Charter Communications' bonds were on the move Wednesday, despite a lack of obvious positive news about the company, which is wrestling with a debt load that approaches $20 billion.

A market source quoted its 10% notes due 2011 having gone up to 55 bid from 53.5, while its 8¼% notes due 2007 rose a point to 99 bid. The company's 9.92% notes due 2011 firmed to 55 bid from 53 previously.

Over the past year or so, Charter has been making intense efforts to bring its big debt load down, even if incrementally. It has also been contending with the impact of several changes of management in the executive suite.

"I don't think that Charter will be able to figure it all out in '06," high yield analyst Aryeh Bourkoff of UBS Investment Bank said of Charter's efforts to right its ship and make substantial progress toward turning its situation around. "But they should be able to make incremental progress on extending some of their bank lines that start to amortize in '07, as well as trying to address their converts, which mature in '09."

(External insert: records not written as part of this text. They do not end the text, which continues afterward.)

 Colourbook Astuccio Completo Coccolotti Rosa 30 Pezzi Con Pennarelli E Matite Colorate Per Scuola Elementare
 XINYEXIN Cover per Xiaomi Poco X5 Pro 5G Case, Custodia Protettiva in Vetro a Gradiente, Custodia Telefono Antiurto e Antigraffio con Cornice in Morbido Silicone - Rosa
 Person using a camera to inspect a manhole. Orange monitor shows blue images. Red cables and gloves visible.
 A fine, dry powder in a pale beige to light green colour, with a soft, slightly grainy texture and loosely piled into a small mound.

At the same time, he said, Charter "is going to have to focus on how to bolster top-line growth in order to improve the quality of its subscriber base, by offering voice [i.e. phone service] and to secure its competitive positioning."

He predicted that "there's going to be sort of a two-prong Charter story in 2006. One is an operational fix-it story which starts to get under way with the new management team. The second is the ability to extend the optionality and flexibility of its capital structure. But I think it's clear at this point that they're not going to be able to grow into that [capital] structure with just operations - they can't generate enough free cash flow to save this company. But there are a number of actions they can employ at the capital structure to improve their timing and flexibility."

Delphi strong

In the automotive sector, Delphi Corp's bonds were seen solidly higher, despite having not much fundamental reason to go up, leading one trader to dismiss the move as mere short covering. He saw the bankrupt Troy, Mich.-based automotive electronics company's bonds (all four issues trade on top of each other as the company undergoes reorganization) as having firmed smartly to 54 bid, 56 offered from 51 bid, 53 offered.

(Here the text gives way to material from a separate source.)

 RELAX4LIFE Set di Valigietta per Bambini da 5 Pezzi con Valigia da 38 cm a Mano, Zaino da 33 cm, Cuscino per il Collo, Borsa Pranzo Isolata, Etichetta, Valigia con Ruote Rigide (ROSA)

A market source saw Delphi's 6½% notes due 2010 advance to 54.75 bid from 51.25, while its 7 1/8% notes due 2029 rose even more, to 54.75 bid from prior levels at 50.5 bid.

While Delphi announced that it had become a strategic investor and technology provider for Ondas Media SA, the premier European satellite radio company - this on top of an earlier announcement about Delphi being granted a substantial portion of the satellite receiver business for Hyundai Motor America - a trader said that those pieces of news were nice, but in his view did not constitute enough of an impetus for a three-point gain.

"I don't think that's enough to boost that paper, he said, adding: "Lower-rated paper just seems to be in vogue right now."